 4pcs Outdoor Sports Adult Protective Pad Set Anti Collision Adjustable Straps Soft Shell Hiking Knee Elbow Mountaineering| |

*-*-*

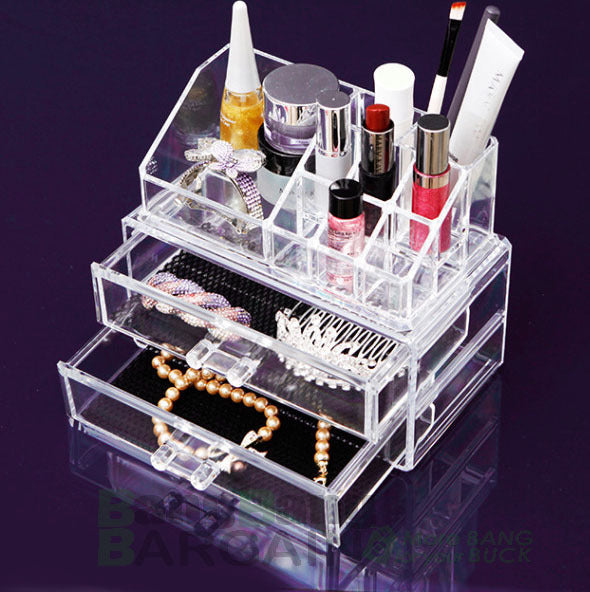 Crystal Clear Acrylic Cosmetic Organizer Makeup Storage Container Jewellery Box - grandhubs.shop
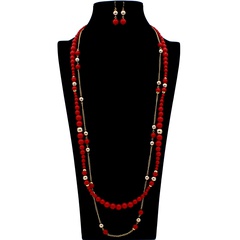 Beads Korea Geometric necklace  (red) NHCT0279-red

*-*-*

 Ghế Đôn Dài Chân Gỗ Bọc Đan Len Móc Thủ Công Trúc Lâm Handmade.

*-*-*

§ How to complete this task
The expected output is the lines above from the one containing "Crystal Clear Acrylic" to the one containing "Beads Korea Geometric", both ends included, reproduced exactly with every picture left out.

§ Exercise output
 Crystal Clear Acrylic Cosmetic Organizer Makeup Storage Container Jewellery Box - grandhubs.shop
 Beads Korea Geometric necklace  (red) NHCT0279-red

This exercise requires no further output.